Der Streit um Treibjagden zwischen Jägern und Tierschützern verschärft sich. Der Bauernverband Mecklenburg-Vorpommern und der Arbeitskreis der Jagdgenossenschaften und Eigenjagden fordern eine Überprüfung des Gemeinnützigkeitsstatus der Tierschutzvereinigung Peta. Die Tierschutzaktivisten würden Landwirte, Jäger und Angler haltlos und pauschal kriminalisieren. Es habe derzeit System, Jäger öffentlich anzuprangern, teilten die Verbände gestern mit. Die Tierschutzorganisation hatte eine Drückjagd kritisiert, die Mitte November bei Bentzin (Vorpommern-Greifswald) durchgeführt wurde, und hatte Strafanzeige gegen Jäger gestellt. Gestern nahm die Tierrechtsorganisation eine Treibjagd auf der Insel Rügen vom vergangenen Freitag ins Visier. Jäger hatten dabei den Bahnverkehr nördlich von Bergen auf der Insel Rügen für etwa zwei Stunden lahmgelegt. Wie eine Sprecherin der Bundespolizei Stralsund gestern sagte, hätten sich mehrere Jäger auf den Gleisen aufgehalten. Die Bundespolizei ermittle nun wegen gefährlichen Eingriffs in den Bahnverkehr. Zudem wurde die Treibjagd sofort unterbunden. Es sei zu Teilausfällen und Verspätungen von Zügen auf der Strecke Bergen-Binz gekommen. Die Tierrechtsorganisation Peta nahm diesen Fall auf Rügen zum Anlass, erneut ein Verbot von sogenannten Hobbyjagden zu fordern. Jagden gefährdeten Menschen und seien auch nicht geeignet, Wildtierpopulationen dauerhaft zu regulieren. Der Bauernverband und der Landesjagdverband wollten sich zu dem Vorfall auf der Insel Rügen zunächst nicht äußern.

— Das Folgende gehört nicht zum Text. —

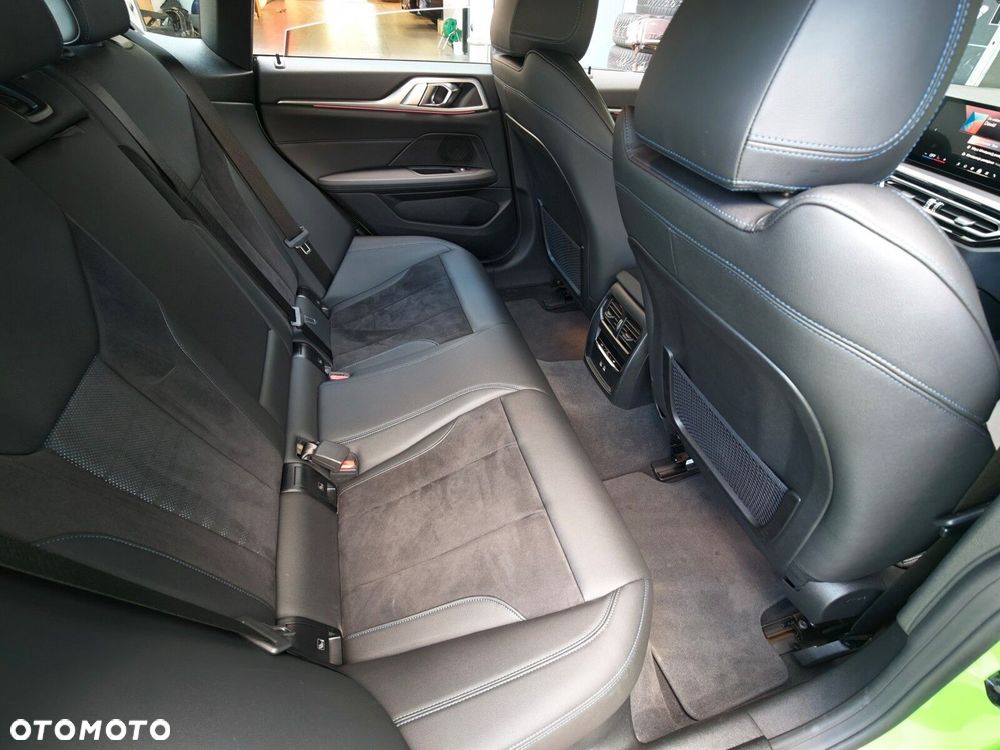 BMW i4 - 12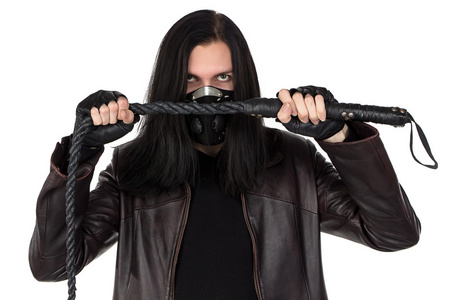 年轻人用鞭子在掩码中的肖像照片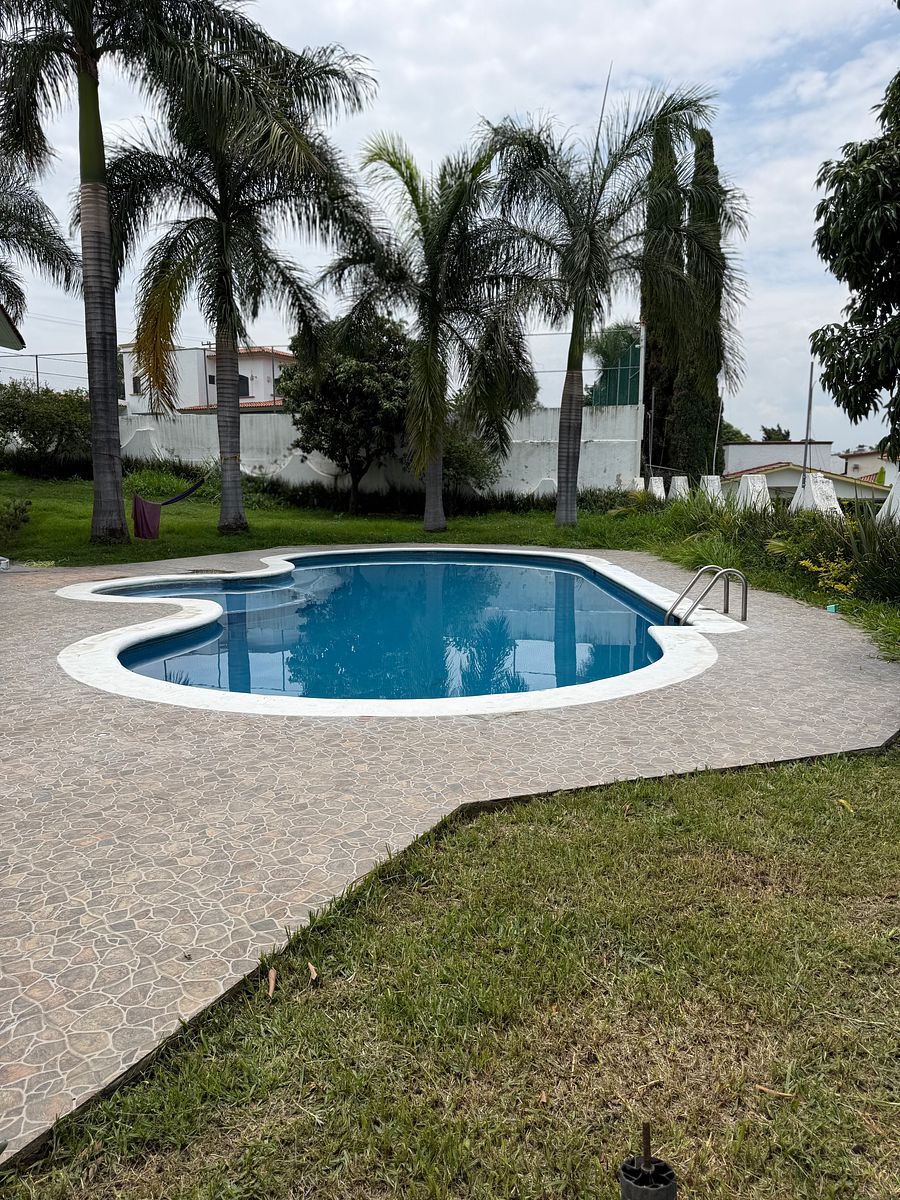 CASA EN VENTA CON ALBERCA Y BUNGALOW, foto 1 de 35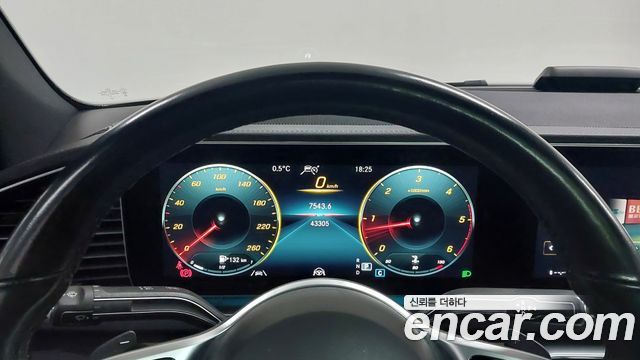Mercedes-Benz GLE-Class 2023 — photo 8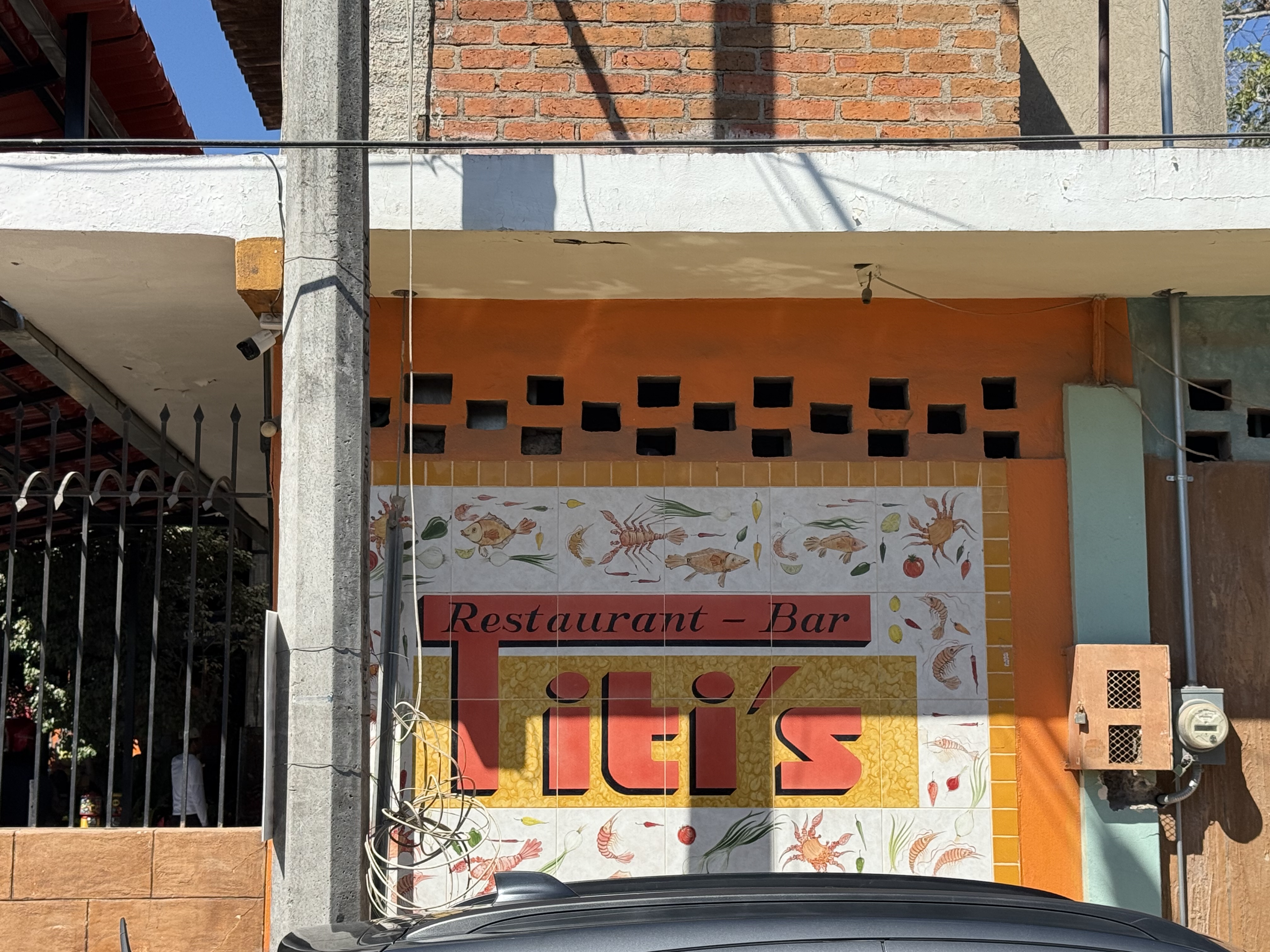 Restaurante titis image 5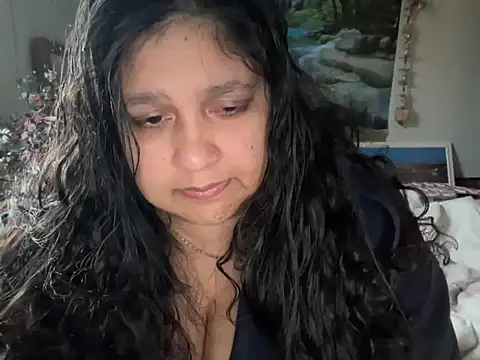 MelanieFawker online show from October 16, 2025, 2:36 pm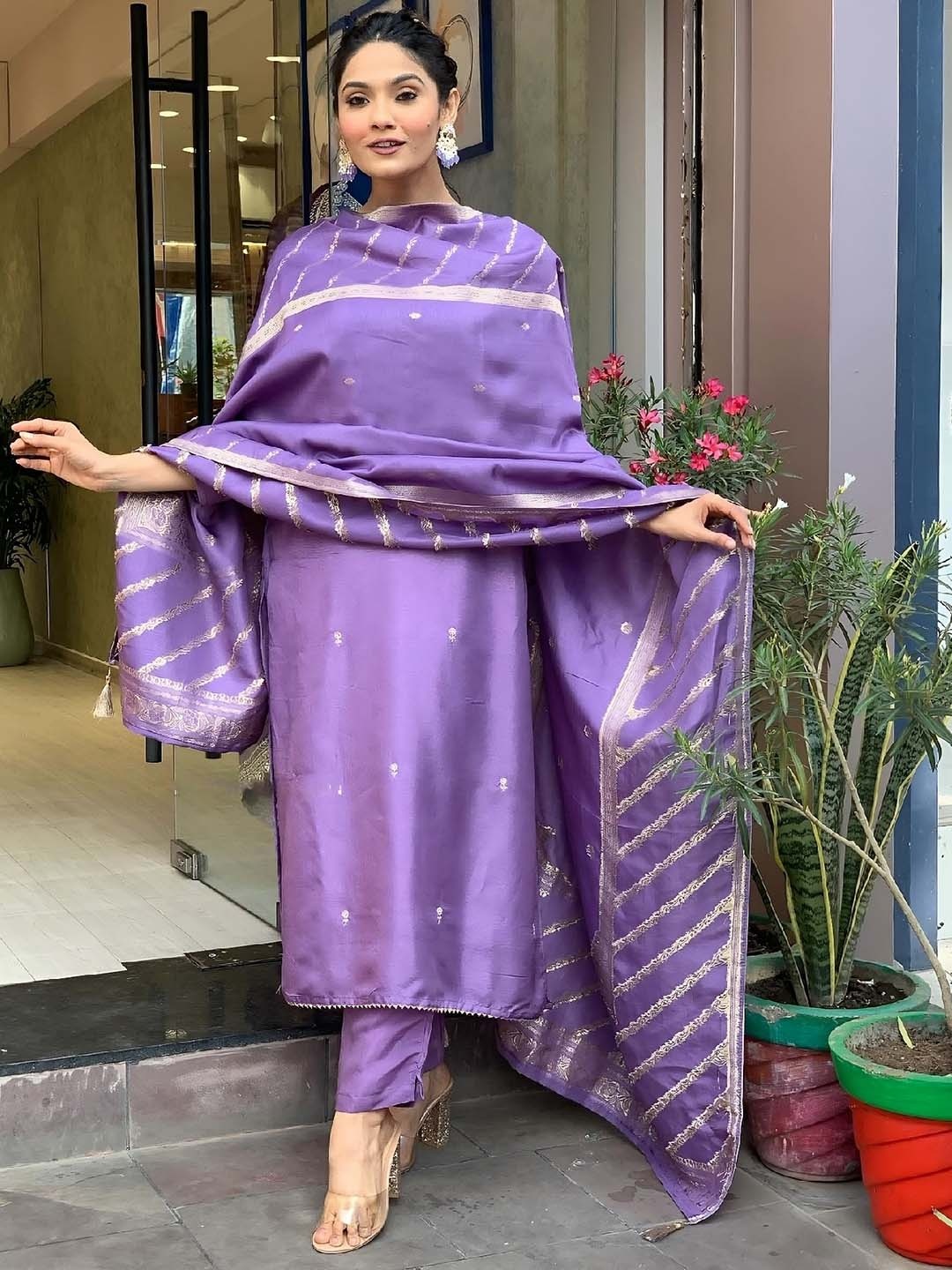 

KALINI Women Ethnic Motifs Regular Kurta with Trousers & With Dupatta, Purple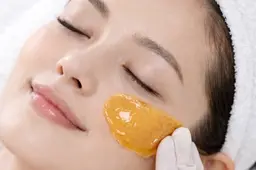 うるつや🫧全顔WAX 高保湿リフトマスク付　¥5,830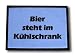 Fussmatte Bier steht im Kühlschrank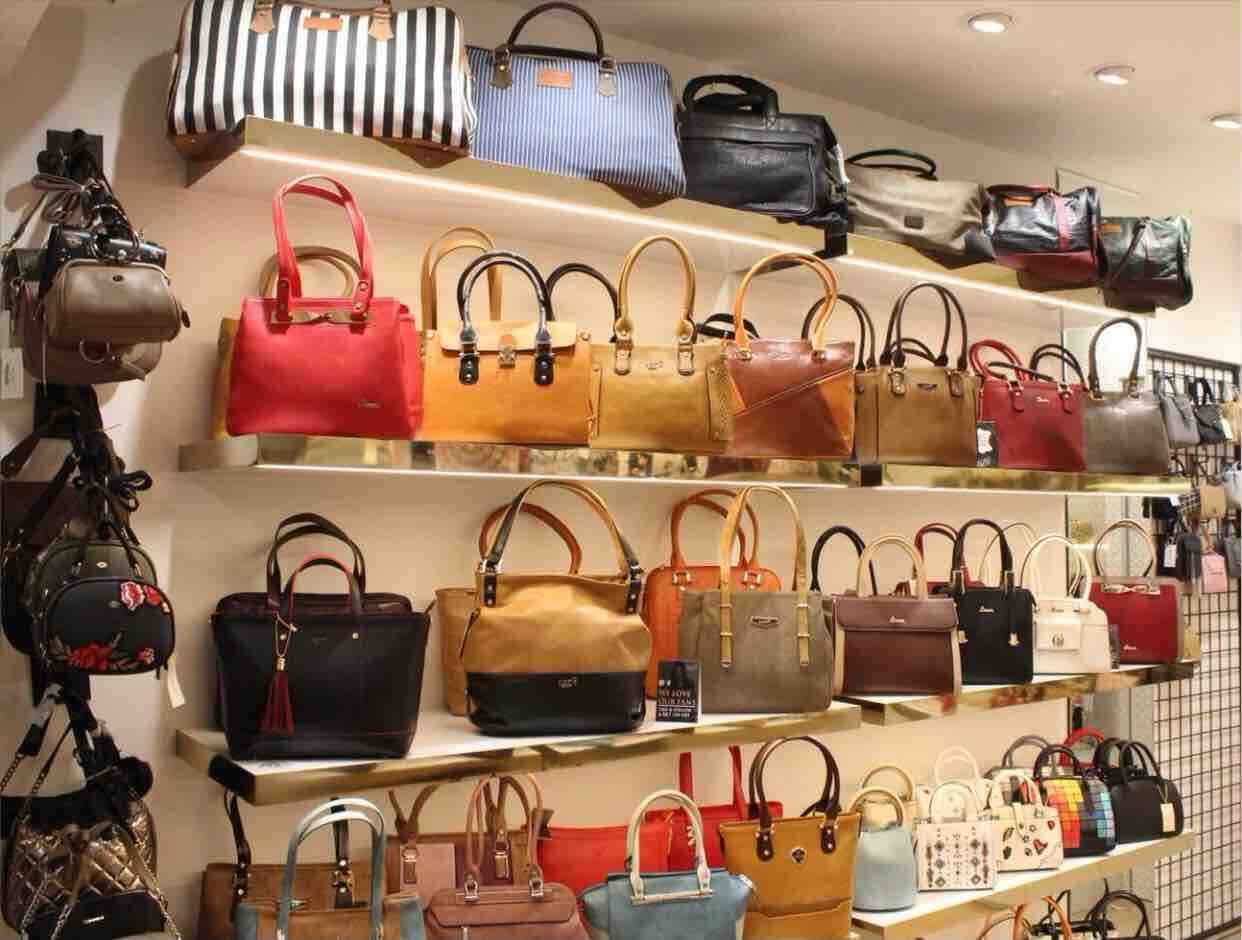 Lizzie Bandra West Bag Dealers In Mumbai Justdial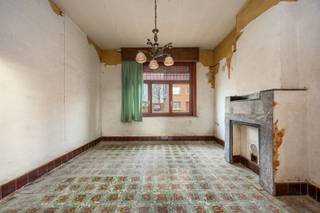 INDELINGGELIJKVLOERSInkomhal met trap naar de verdieping. Woonkamer ingedeeld in 2 compartimenten. Keuken/zij-inkom.Badkamer voorzien van ligbad en...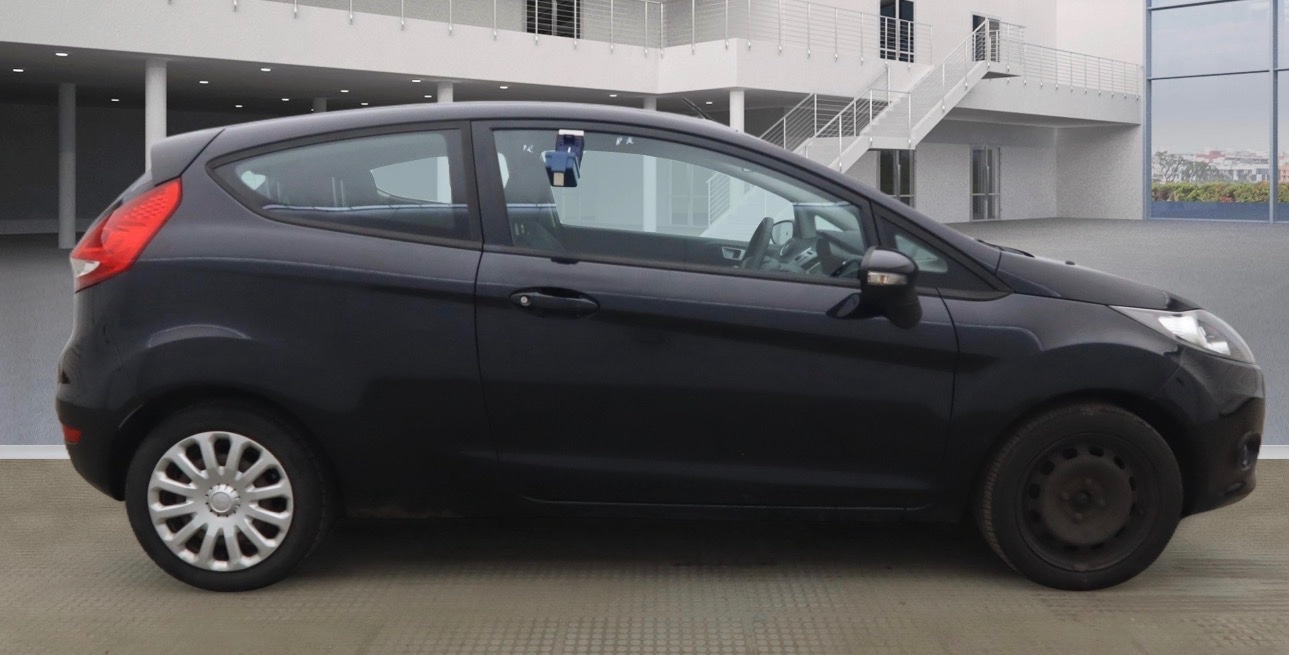 Used Ford Fiesta 2011 for sale - 77992049: Photo 5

Der Bauernverband warf Peta vor, ihren Gemeinnützigkeitsstatus dazu zu missbrauchen, Strafverfolgungsbehörden auf Kosten des Steuerzahlers zu beschäftigen. Peta sei offenbar entgangen, dass es in den letzten zwei Monaten auf den Straßen MVs zu rund 100 Wildunfällen gekommen sei. Wegen des letzten milden Winters und ausreichendem Nahrungsangebot vermehre sich das Schwarzwild stark. Für die Agrarbetriebe um Bentzin sei die Drückjagd existenziell gewesen, argumentierte der Bauernverband weiter. Allein dort komme es trotz der Jagden pro Jahr zu Wildschäden im fünfstelligen Euro-Bereich.